Mr Lewis: I think it represents
a major failure of our society, and I think it should be the motivation
that drives us to go to work every morning in terms of our contribution
to the education system, to make sure that we minimiseI
will not say eliminate because utopia is sometimes difficult to
achieve, as we find out from time to timethe number of
young people who leave our education system before the age of
18 without any form of recognised, decent qualifications.
That should be our passion, it should drive us from a social justice
point of view, but it should equally drive us from an economic,
competitiveness and productivity point of view.
Q881 Mr Jackson: I want to ask a
general question about the extent to which the Department is looking
at international experience. I know the Minister of State referred
to the United States when answering my question about higher education,
50% from the vocational aspects of higher education. We have recently
been to Germany and to Denmark, and one of the things that we
noticed in Denmark was the employer levy system, which we used
to have and scrapped. At one point the Labour party was in favour
of restoring it. Would you like to say something in general about
international comparisons and the extent to which we are learning
from international experience, and perhaps particularly say something
about the point about training levies?
Mr Miliband: Can I say I think
there is a growing market across national education comparison
advice testing, etcetera, I think that is very helpful. The PISA
Study by the OECD is the leading example of that.

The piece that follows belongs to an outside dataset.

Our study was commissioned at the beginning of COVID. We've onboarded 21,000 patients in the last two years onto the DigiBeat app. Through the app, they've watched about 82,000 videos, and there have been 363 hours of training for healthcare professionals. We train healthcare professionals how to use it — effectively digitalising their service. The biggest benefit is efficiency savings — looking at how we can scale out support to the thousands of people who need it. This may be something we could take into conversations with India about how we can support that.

Q882 Chairman: And TIMMS. There are
others which we do not score so highly.
Mr Miliband: The PISA Study has
got 32 countries engaged in it and it is very, very rigorous.

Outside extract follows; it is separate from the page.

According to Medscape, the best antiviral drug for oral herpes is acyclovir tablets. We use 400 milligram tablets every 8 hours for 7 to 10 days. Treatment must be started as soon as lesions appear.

I was at the OECD Ministers' meeting in Dublin where we were looking
at whether we can bring together a group of countries to do a
more in-depth study to get this sort of comparison. If you take
something like the Tomlinson Committee report, I do not know if
you remember but when the Government published the response to
the Green Paper that Ivan referred to earlier that launched the
Tomlinson Committee, an annex to that was on the foreign experience
of 14-19 education, deliberately drawing out the contrast between
foreign systems and our own. I am pleased that the Tomlinson Committee
have taken that cue and are really thinking hard about the foreign
comparisons in their deliberations. I think both from a school
standards point of view about what works and from a reform point
of view in relation to 14-19, we have got to be conscious that
there are different ways of doing things. It is worth saying that
I do not believe in the simple import/export model for policy
because you have got cultural, historical and other differences.
A final point: the UK does not have one system, different systems
exist within the UK and it is important to think about them as
well.
Mr Lewis: The Government position
on levies is we will facilitate through legislation levies where
both sides of industry can demonstrate that they want it. I will
give you two examples. The British film industry and the print
industry are both actively exploring the employers and the trade
unions as to whether that is desirable for their particular sectors.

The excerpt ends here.